The pictures in the listing below are to be skipped, while the lines between the line holding "QR code for MJF9919" and the line holding "Arteriors 12068-966 image-1", inclusive, are to be output exactly.

# Data for analysis

────

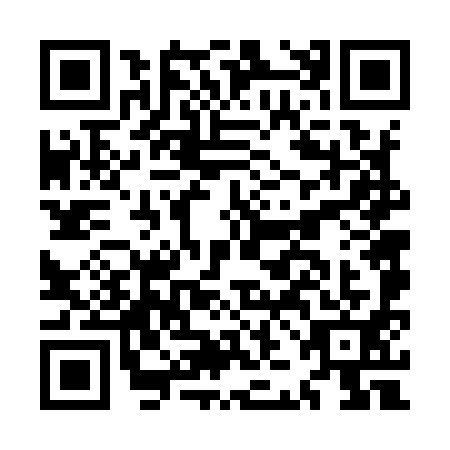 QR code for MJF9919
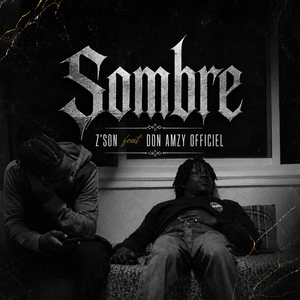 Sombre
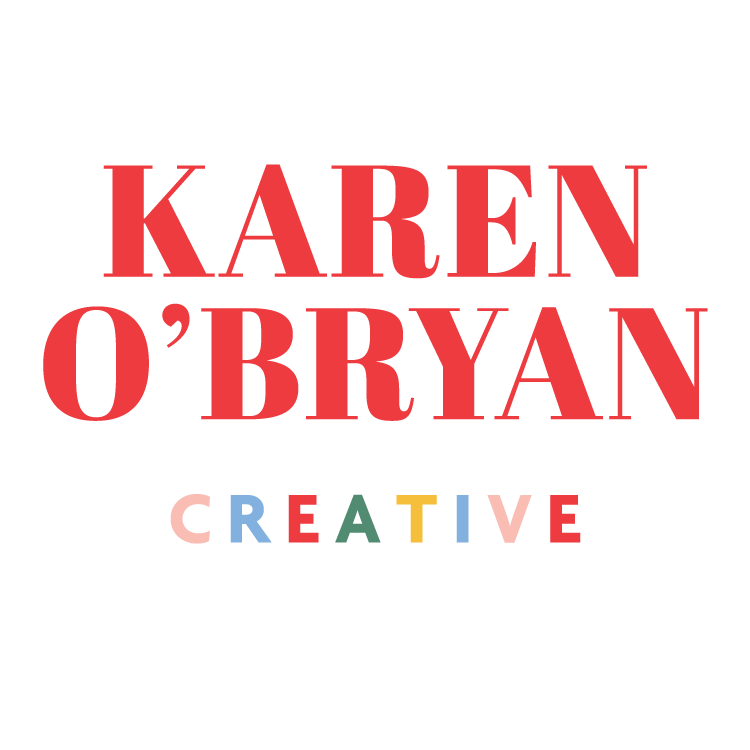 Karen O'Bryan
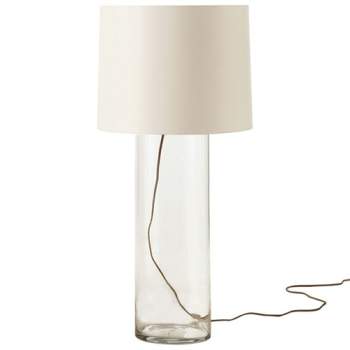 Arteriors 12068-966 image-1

────

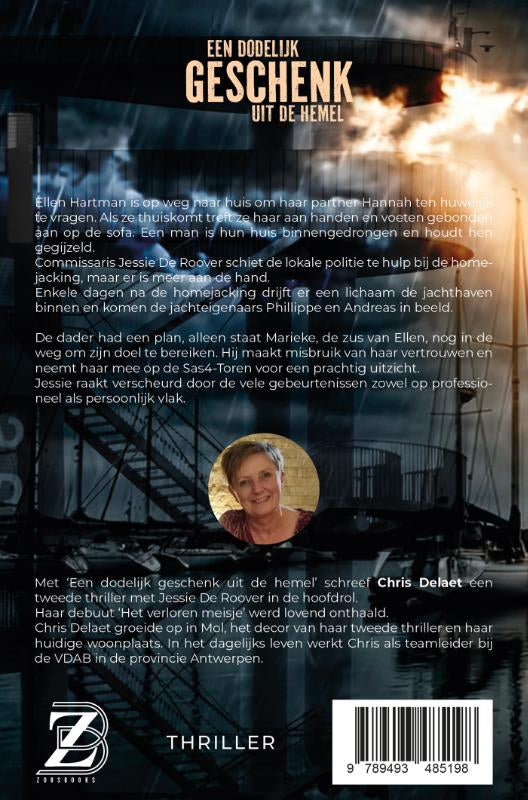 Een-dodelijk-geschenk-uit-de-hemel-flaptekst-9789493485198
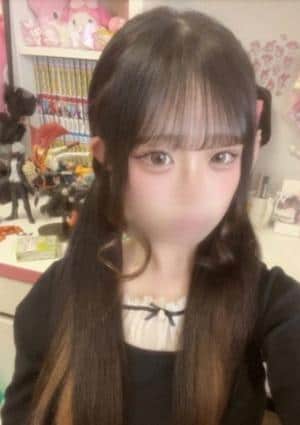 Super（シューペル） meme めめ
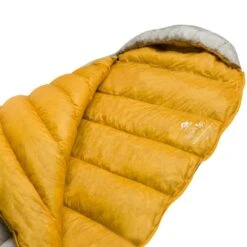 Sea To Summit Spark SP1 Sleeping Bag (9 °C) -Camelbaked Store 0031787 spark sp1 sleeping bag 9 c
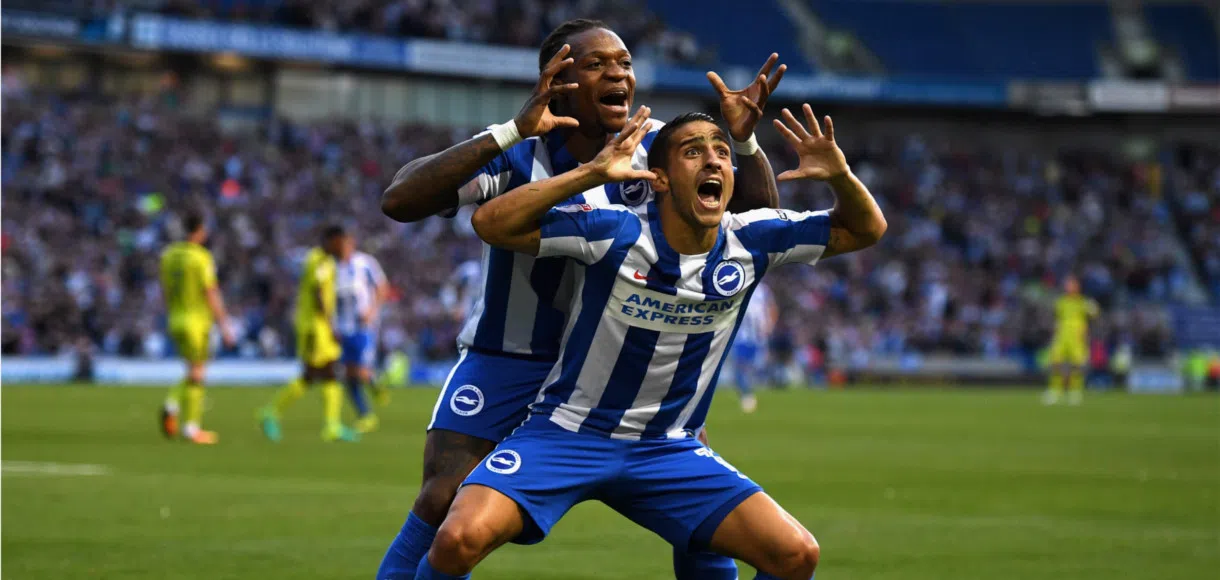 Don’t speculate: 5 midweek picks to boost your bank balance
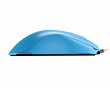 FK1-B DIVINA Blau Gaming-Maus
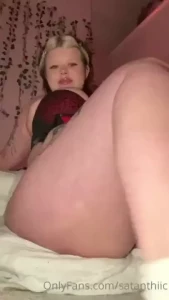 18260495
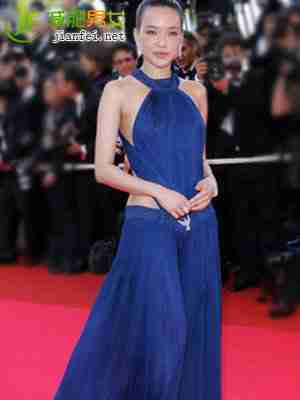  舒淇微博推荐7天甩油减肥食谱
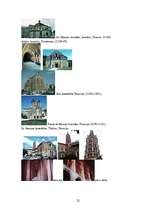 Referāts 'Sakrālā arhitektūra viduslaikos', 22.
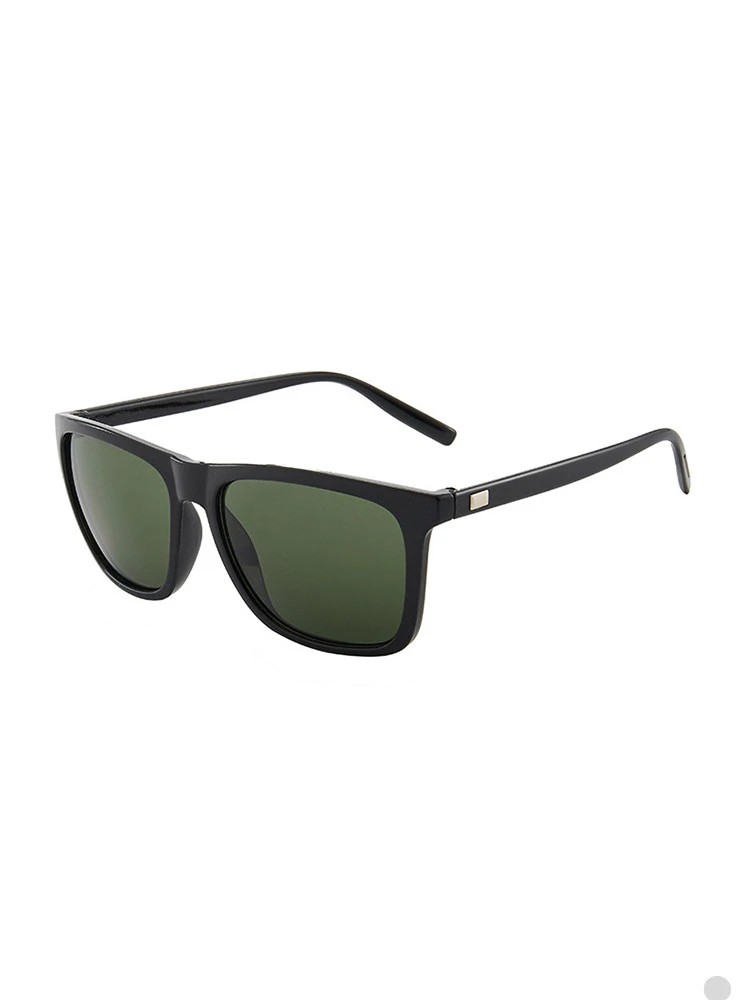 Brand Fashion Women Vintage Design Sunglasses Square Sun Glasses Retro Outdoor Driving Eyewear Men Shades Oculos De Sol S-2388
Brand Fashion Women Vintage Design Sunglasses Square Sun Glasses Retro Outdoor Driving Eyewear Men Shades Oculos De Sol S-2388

────

# Solution for this exercise
 QR code for MJF9919
 Sombre
 Karen O'Bryan
 Arteriors 12068-966 image-1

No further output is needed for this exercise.